In reality, though, “gender studies” isn’t a real thing, either — even though it boasts countless departments — partially because “gender,” in the sense intended here, does not exist (as a valid concept).

That is, it’s mistaken to apply to people the term “gender,” which not many decades ago was mainly a grammatical term used to reference word categories (i.e., masculine, feminine, and neuter). People are defined by “sex,” as in male or female.

“Gender,” in contrast, is used by sexual devolutionaries to reference your perception of what you are; this may, of course, differ from the reality of what you are. Your issue doesn’t then, however, fall under “gender studies” but “abnormal psychology.”

As for Dastagir, despite not actually citing a scientist, she writes, “Scientists agree there is no sufficient way to clearly define what makes someone a woman, and with billions of women on the planet, there is much variation.” This is typical sexual devolutionary sophistry.

When someone defines a woman as, for example, a female of the human species — meaning a person with two X chromosomes and a womb, ovaries, and external female genitalia — the “variation” argument may be deployed. “What of the genotypes X, XXY, XYY, and XXX?!” the sexual devolutionaries will retort. “Sex is a spectrum.” It’s convincing to many.

Unmentioned is that these genotypes are chromosomal disorders affecting one sex or the other. They do not make you a third, fourth, fifth, or sixth sex.
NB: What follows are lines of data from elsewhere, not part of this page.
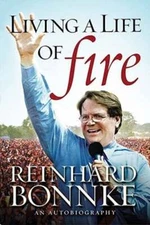 Living a Life of Fire: An Autobiography by Reinhard Bonnke: Used
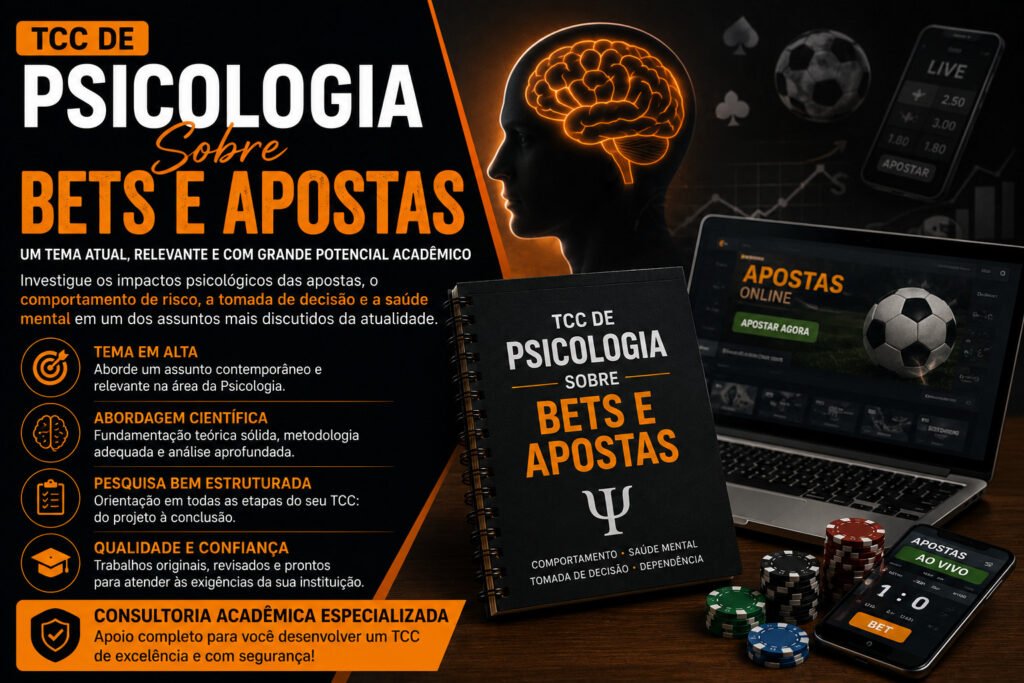 TCC de Psicologia Sobre Bets e Apostas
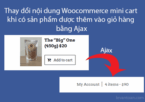Thay đổi woocommerce mini cart khi ấn vào add to cart bằng ajax
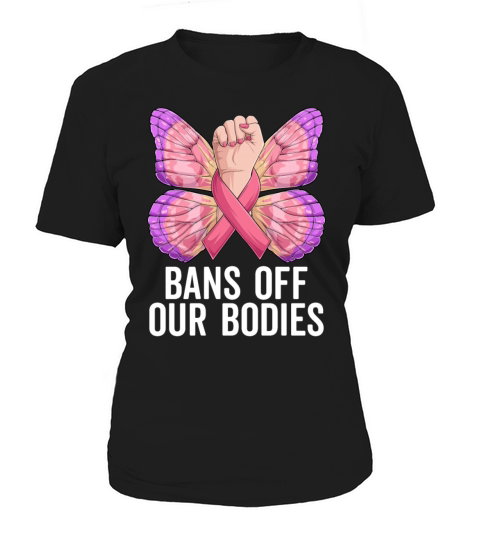 Bans Off Our Bodies Reproductive Women Rights Women's T-Shirt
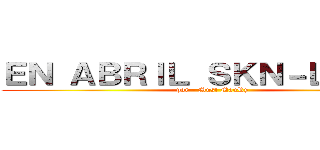 ＥＮ ＡＢＲＩＬ ＳＫＮ－ＬＩＮＫＳ (por - Must MauRy)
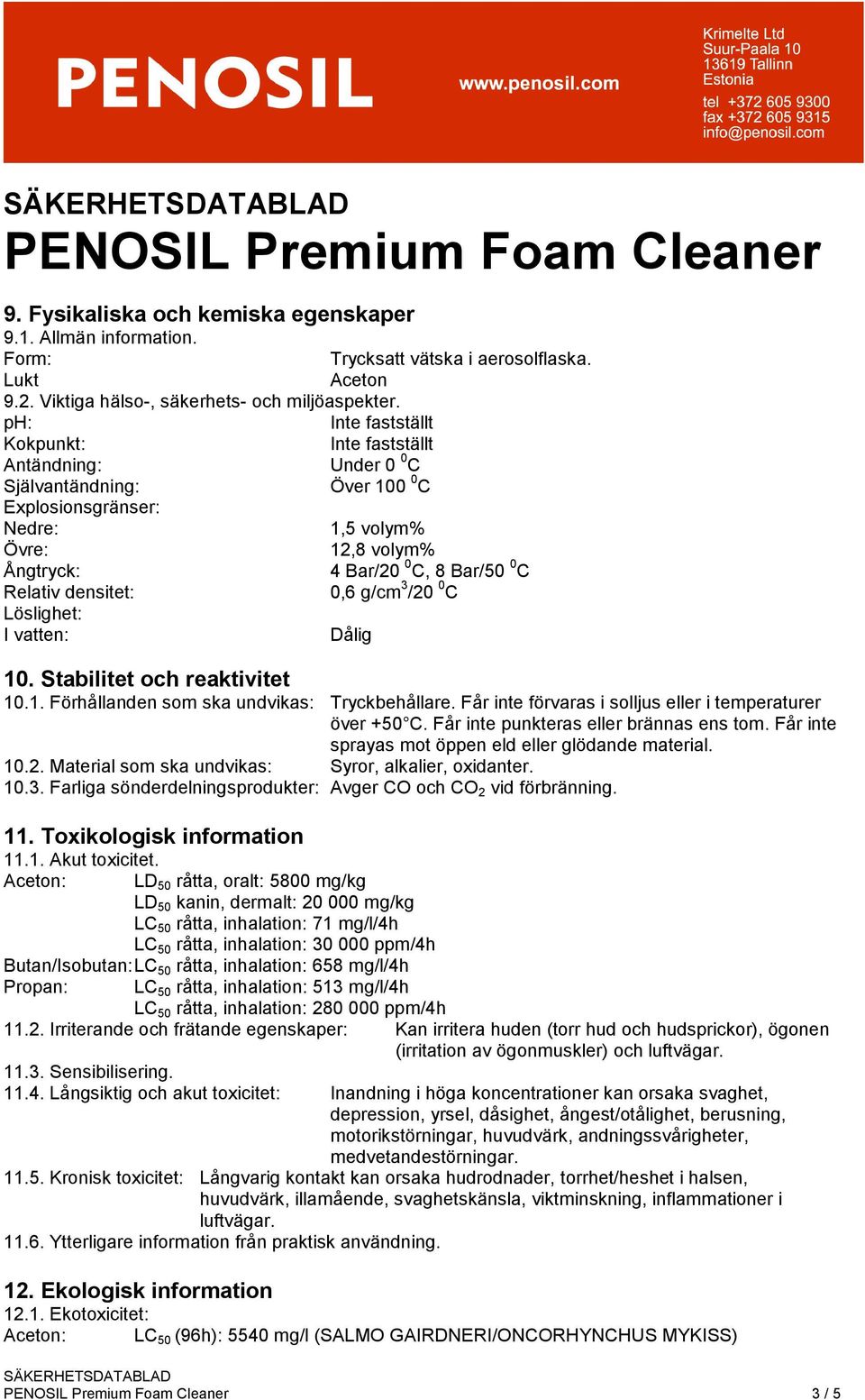 densitet: 0,6 g/cm 3 /20 0 C Löslighet: I vatten: Dålig 10. Stabilitet och reaktivitet 10.1. Förhållanden som ska undvikas: Tryckbehållare. Får inte förvaras i solljus eller i temperaturer över +50 C.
Sexual devolutionaries will also point out that hermaphrodites exist. “What if a ‘woman’ doesn’t have a womb or ovaries?” The answer is that there’s a difference between something being true in principle and something being true in the particular.
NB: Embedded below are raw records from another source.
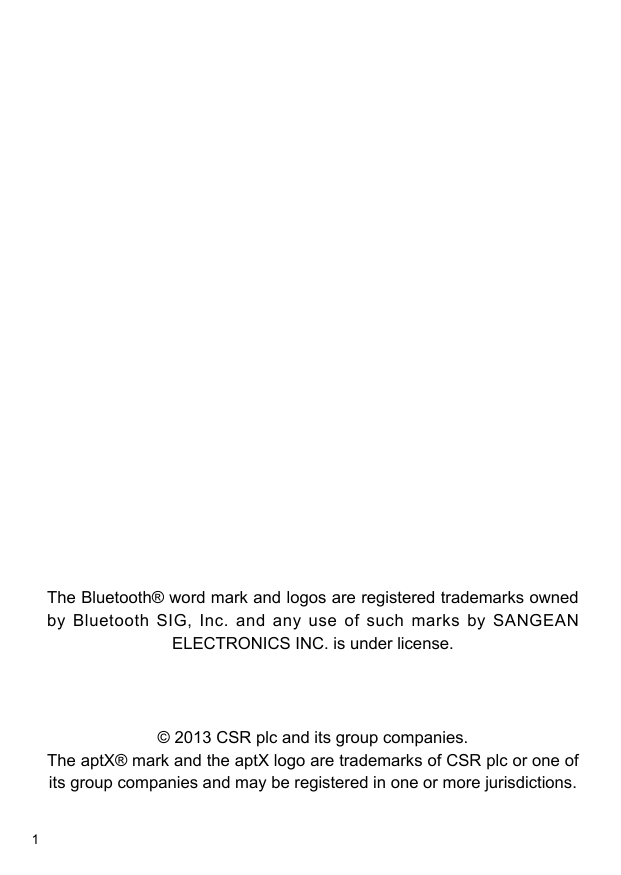 1The Bluetooth® word mark and logos are registered trademarks owned by Bluetooth SIG, Inc. and any use of such marks by SANGEAN ELECTRONICS INC. is under license.© 2013 CSR plc and its group companies. The aptX® mark and the aptX logo are trademarks of CSR plc or one of its group companies and may be registered in one or more jurisdictions.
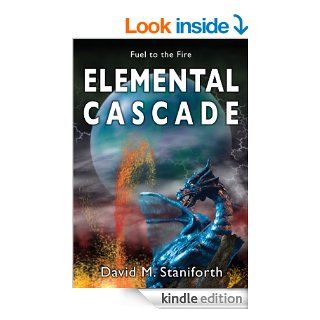 Elemental Cascade (Fuel to the Fire #3)   Kindle edition by David Staniforth. Science Fiction & Fantasy Kindle eBooks @ .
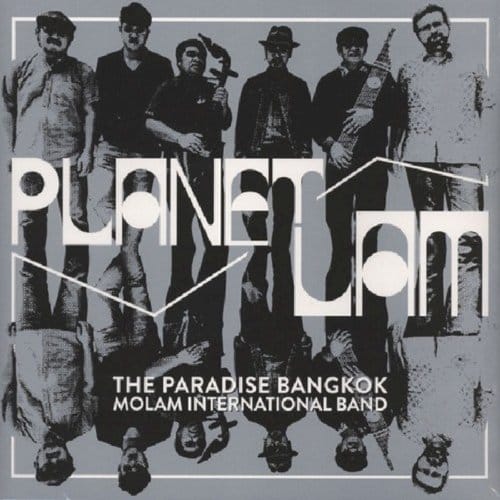 Planet Lam - Paradise Bangkok Molam Internati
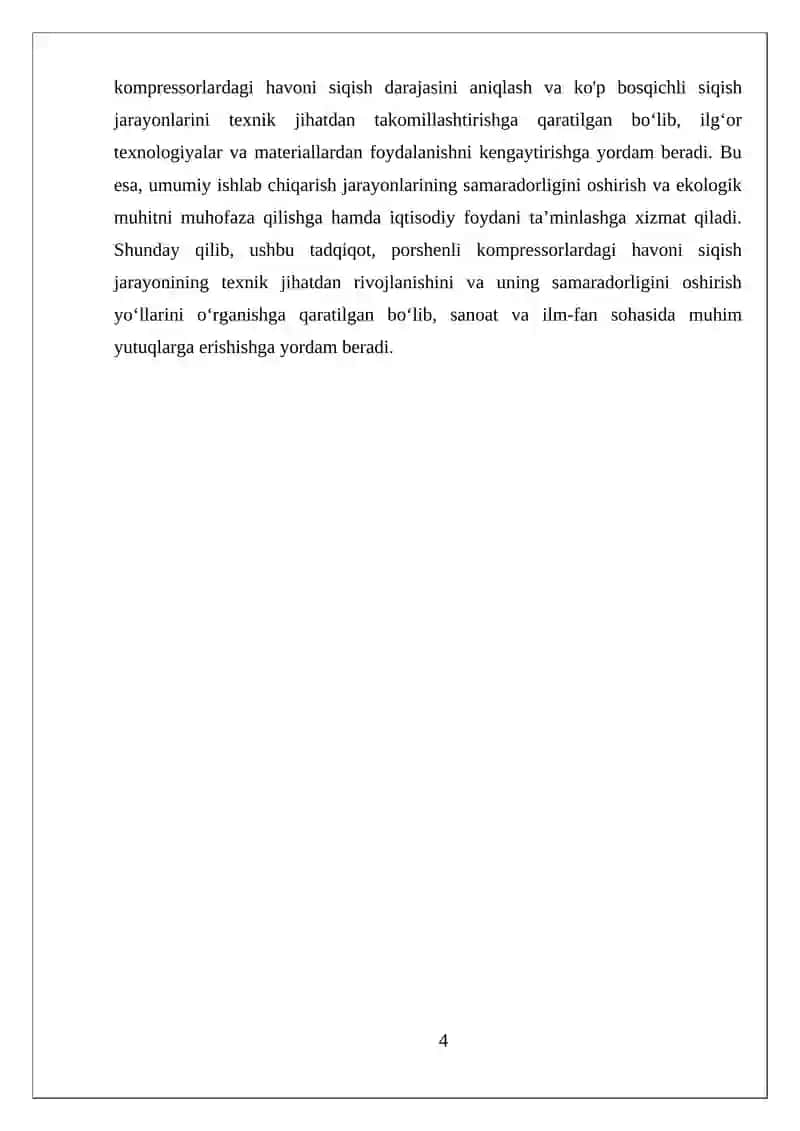 Bir bosqichli porshenli kompressorlarning havoni siqish darajasi 4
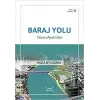 Baraj Yolu-Yılların Ayak İzleri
For instance, extra-terrestrials who visited Earth might report that humans are creatures with, among other things, two arms and two legs. This is true, too, even though there are people born without all those appendages. For particular anomalies don’t change what humans are in principle.
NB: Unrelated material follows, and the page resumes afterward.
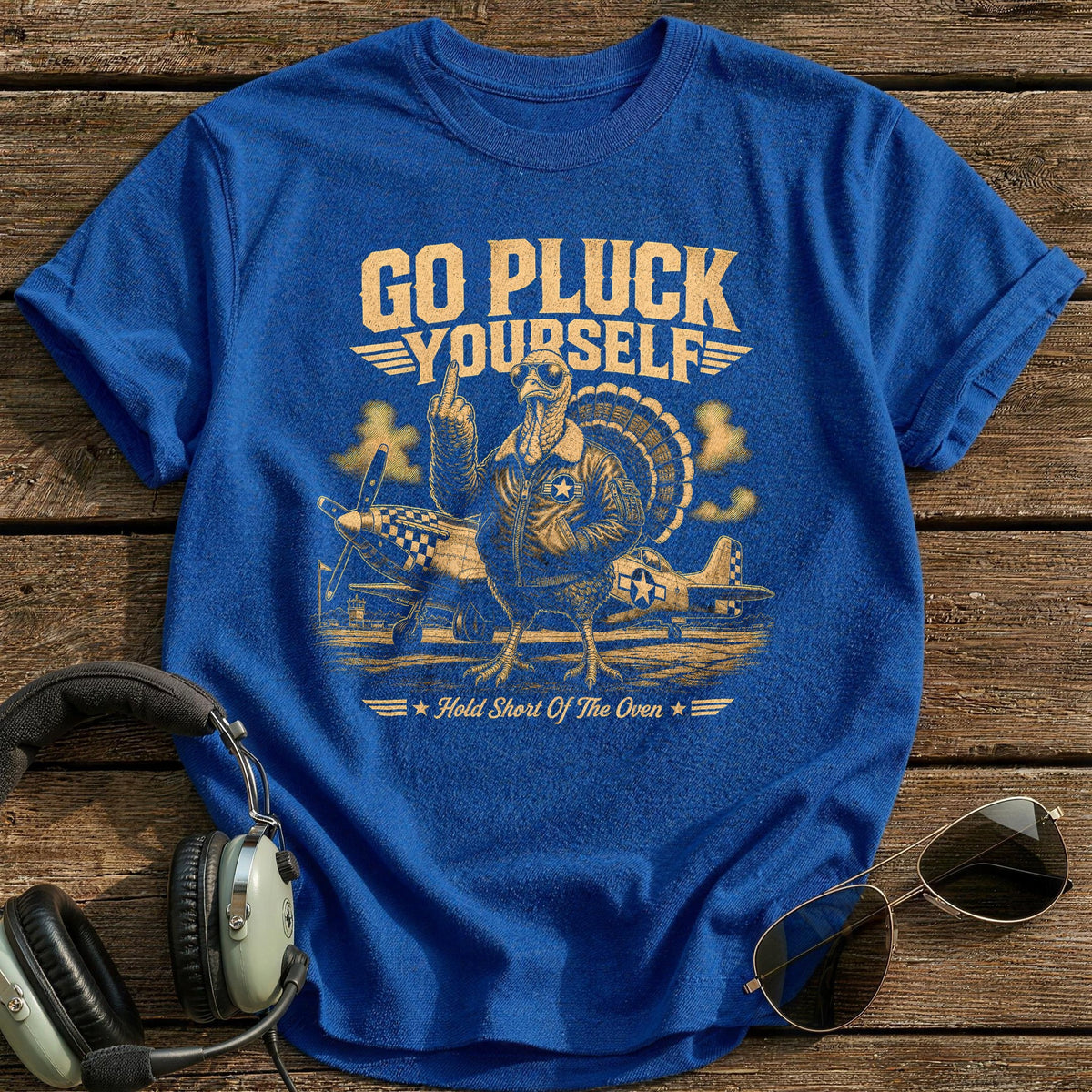 Go Pluck Yourself Hold Short Of The Oven 10 T-Shirt - Royal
Another example is that in principle an apple is a thing that does not contain a worm. This reality isn’t changed by the existence of worm-inhabited apples because those creatures are not integral to the apple. All these phenomena are “exceptions that prove the rule.”

What the sexual devolutionaries are doing is that they’re trying to redefine, as suits their agenda, abnormality as normal variation. This hurts people, especially impressionable children, because it distorts their grasp of reality.

And reality is this: True love involves correcting abnormality when and where you can, not touting it as an alternative lifestyle choice.